ACTIVITY:
In your copy of the data, omit the pictures and keep all else exactly as given.

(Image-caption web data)
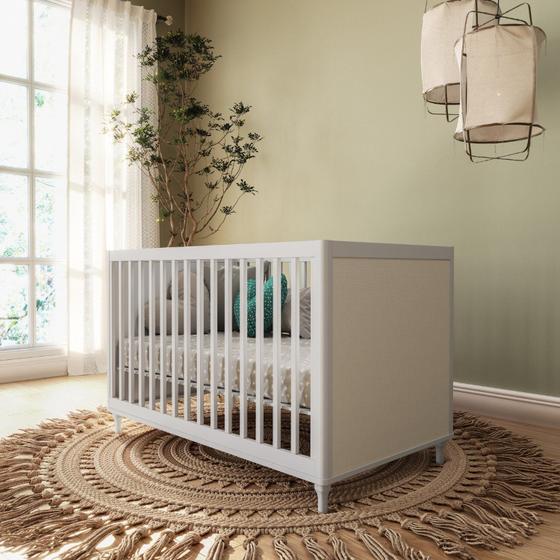 Imagem de Berço 2 em 1 com Rattan Coleção Fofura Branco Acetinado com Rattan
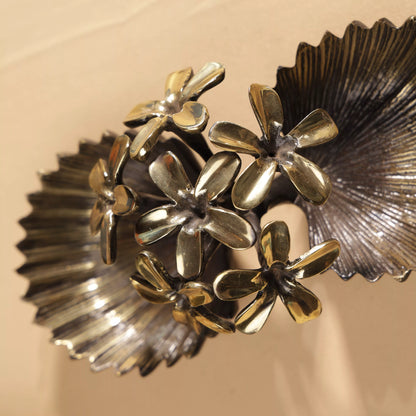 Antique Finsh Brass Pulmeria Flower Bunch Dual Bowl Platter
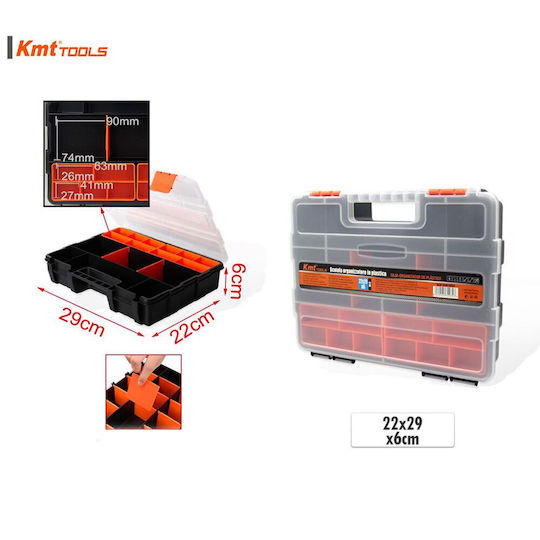 KMT Tools Organizator pentru Compartimentul de Unelte cu Compartimente Reglabile Transparentă 29x22x6cm.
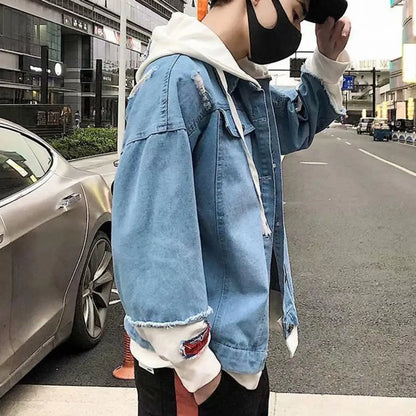 Men Coat Stylish Super Soft Denim Jacket Relaxed Fit Single Breasted Outerwear Coat for Riding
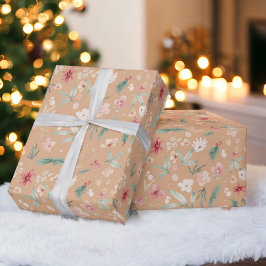 ボホエレガントソフトウォーター色フローラクリスマス ラッピングペーパー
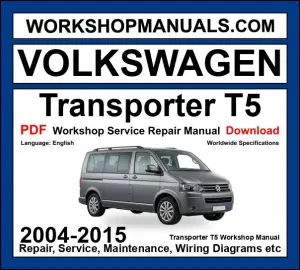 VW Volkswagen Transporter T5 workshop repair manual PDF 2004-2015 cover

ANSWER BELOW:
 Imagem de Berço 2 em 1 com Rattan Coleção Fofura Branco Acetinado com Rattan
 Antique Finsh Brass Pulmeria Flower Bunch Dual Bowl Platter
 KMT Tools Organizator pentru Compartimentul de Unelte cu Compartimente Reglabile Transparentă 29x22x6cm.
 Men Coat Stylish Super Soft Denim Jacket Relaxed Fit Single Breasted Outerwear Coat for Riding
 ボホエレガントソフトウォーター色フローラクリスマス ラッピングペーパー
 VW Volkswagen Transporter T5 workshop repair manual PDF 2004-2015 cover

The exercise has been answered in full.